> [Problem details]
All lines below between the line with "Toyota Innova Crysta 2.8 Z, 2016, Diesel" and the line with "PYRAMIDS Kristallamethysten Design", including both, must be copied exactly, and the pictures must be omitted.

> [Input for this task]
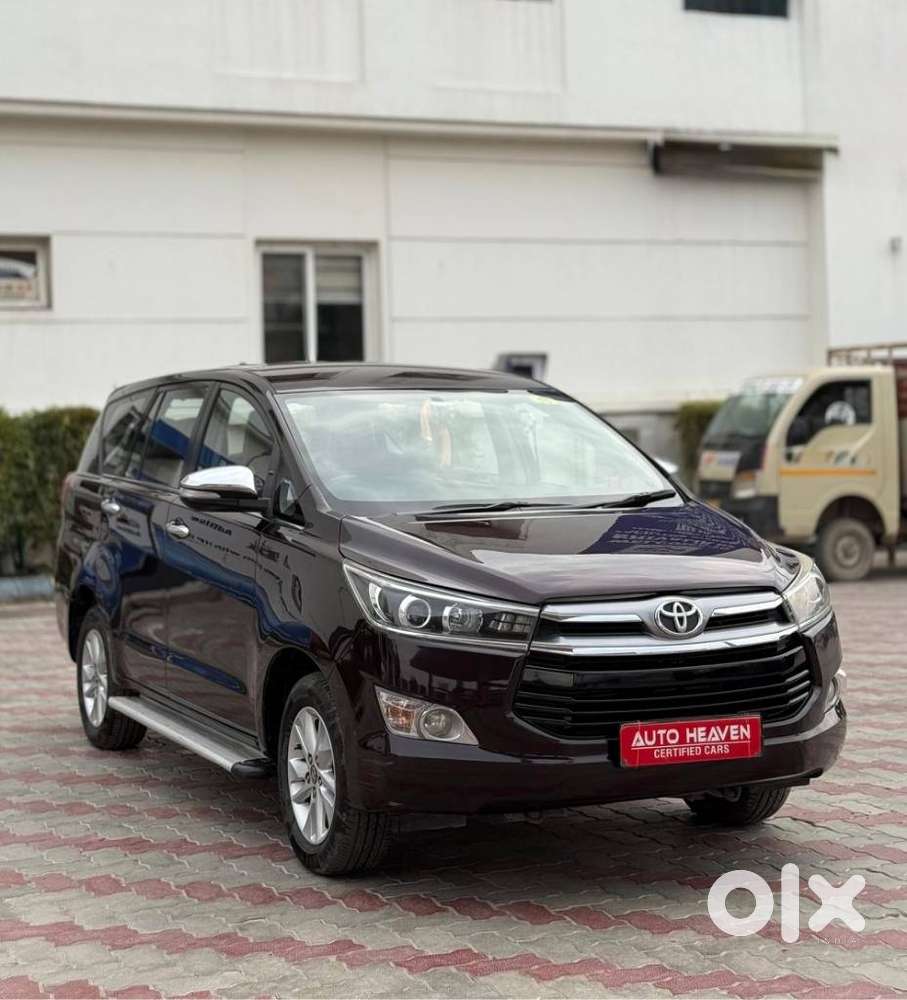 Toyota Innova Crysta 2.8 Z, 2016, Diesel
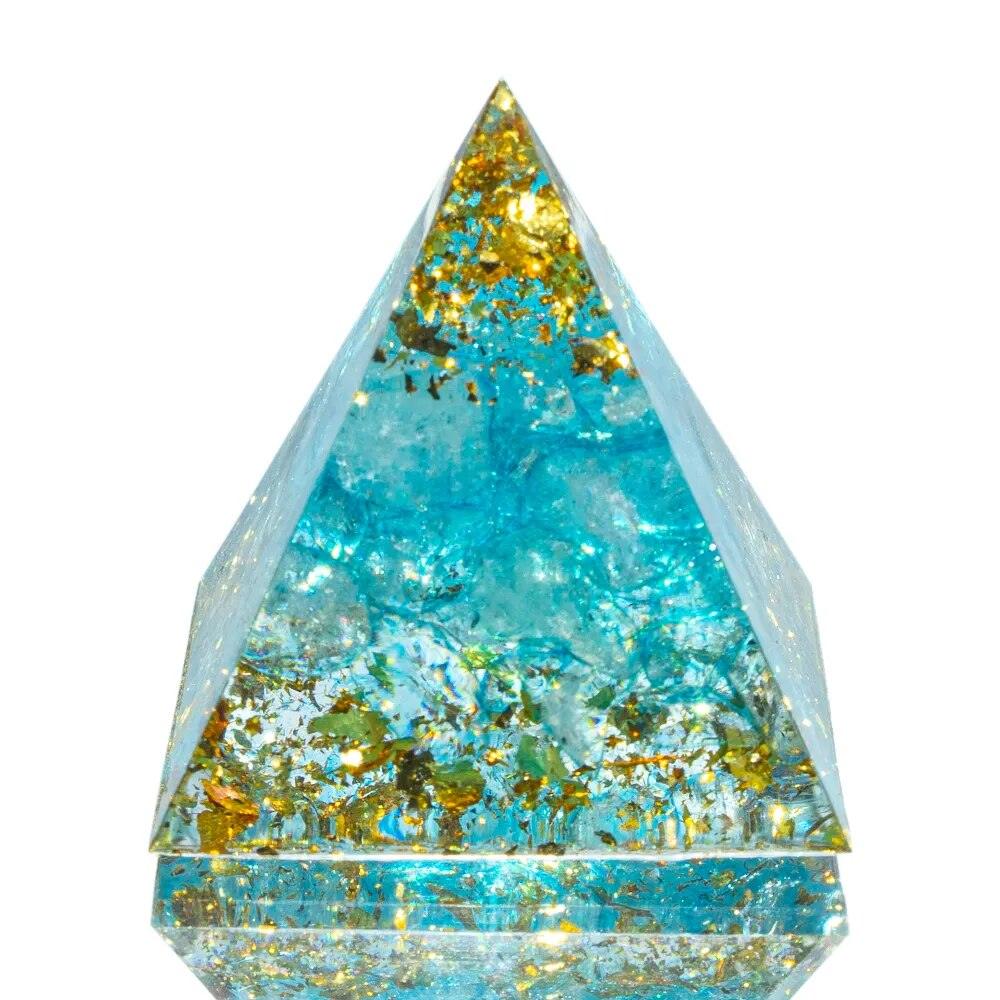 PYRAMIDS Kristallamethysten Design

* * *

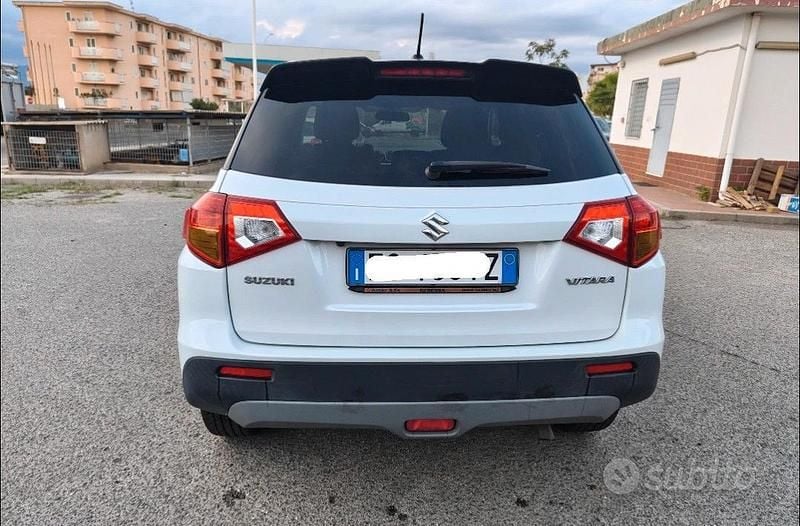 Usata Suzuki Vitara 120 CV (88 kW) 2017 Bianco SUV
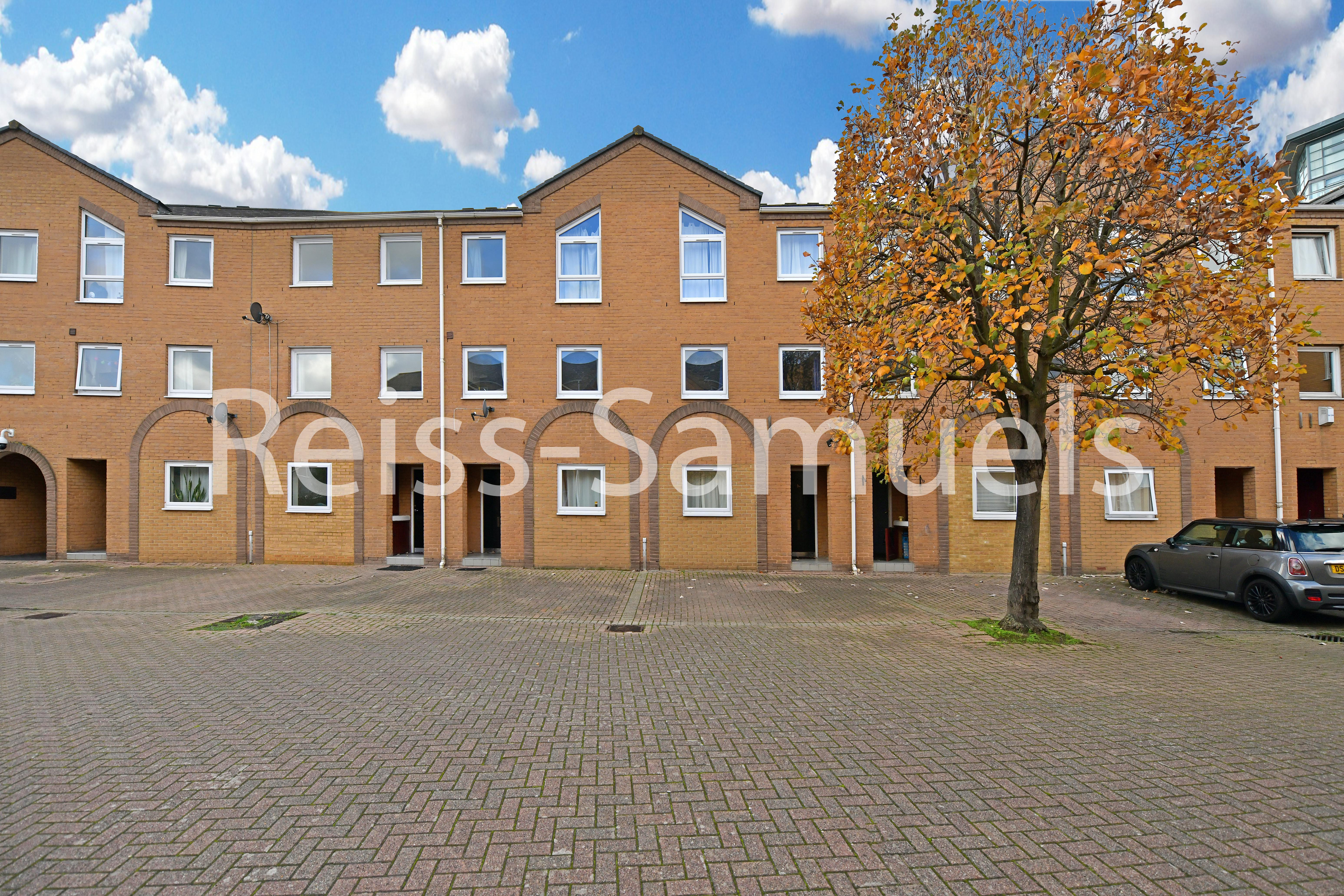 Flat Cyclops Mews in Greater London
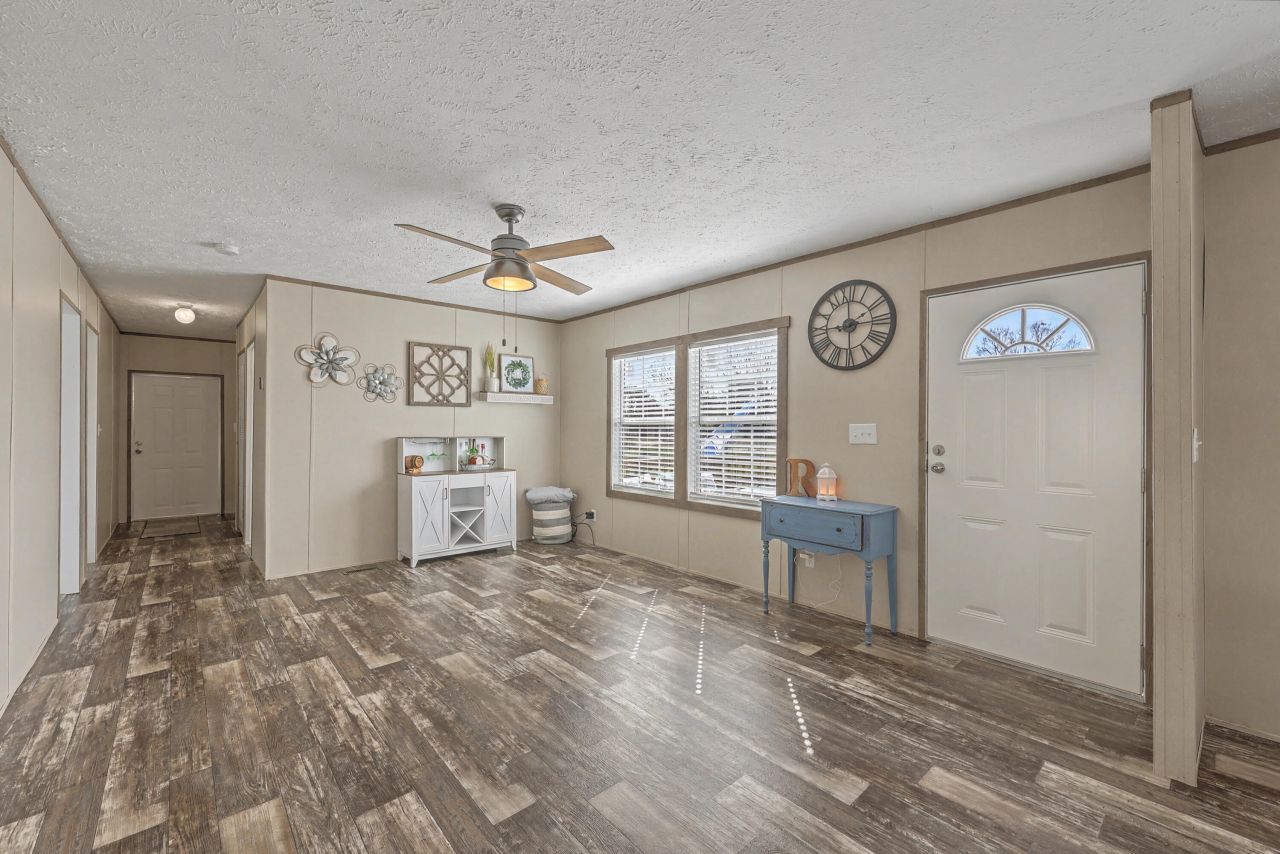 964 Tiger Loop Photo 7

--

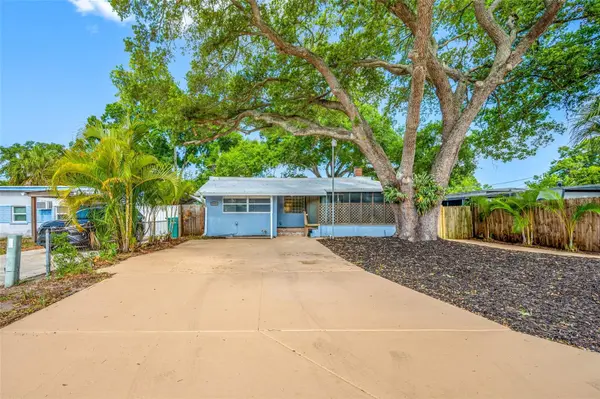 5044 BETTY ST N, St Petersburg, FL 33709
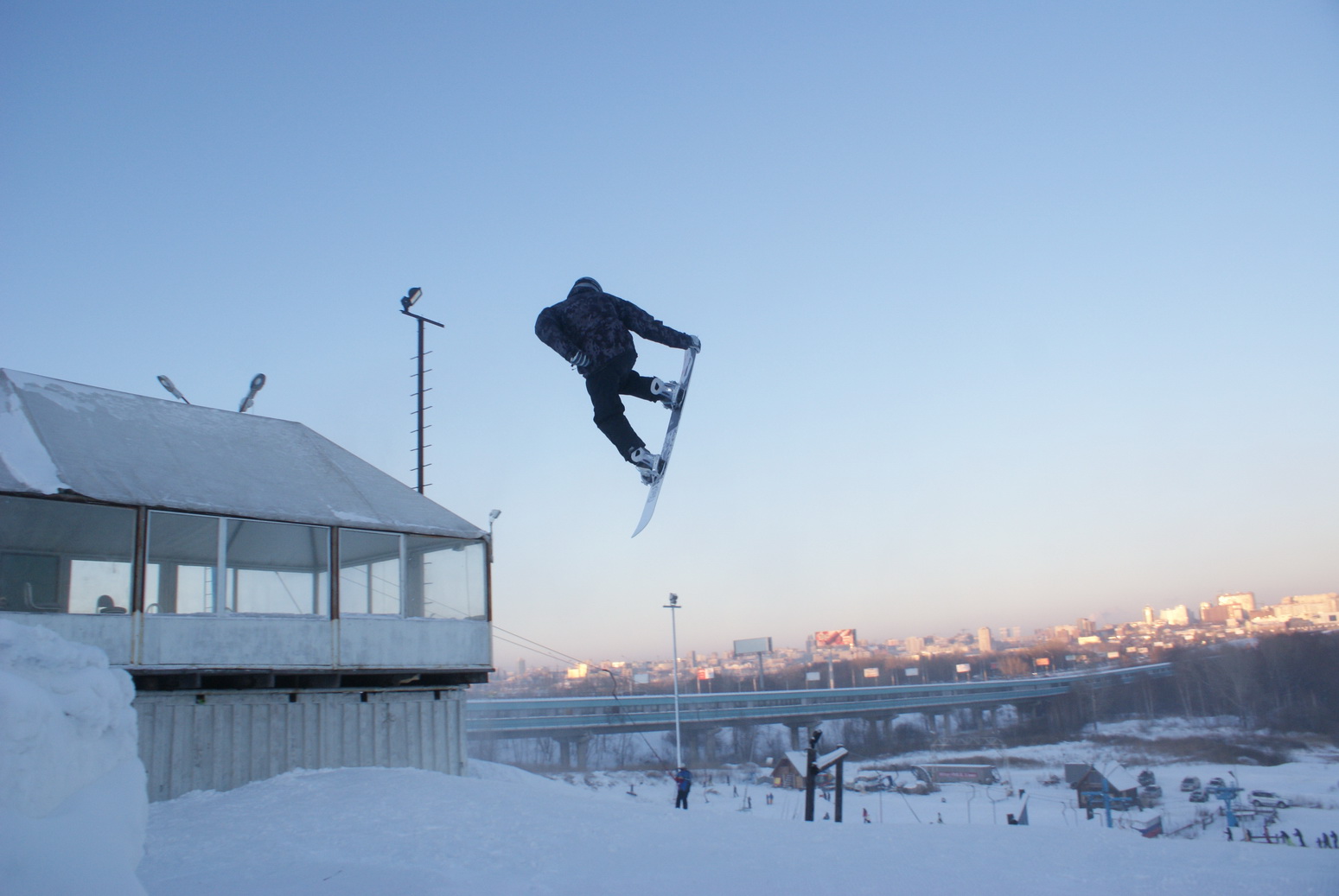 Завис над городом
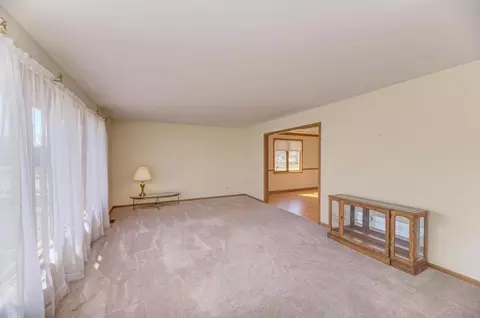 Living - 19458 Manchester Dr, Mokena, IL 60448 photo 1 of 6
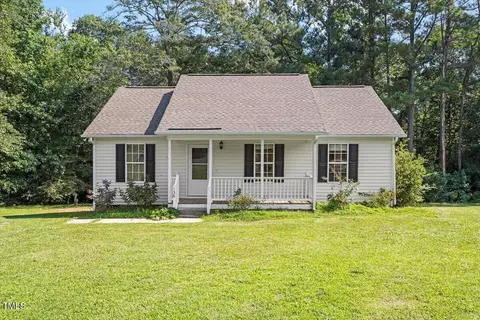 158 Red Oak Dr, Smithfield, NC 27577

> [Answer section]
 Toyota Innova Crysta 2.8 Z, 2016, Diesel
 PYRAMIDS Kristallamethysten Design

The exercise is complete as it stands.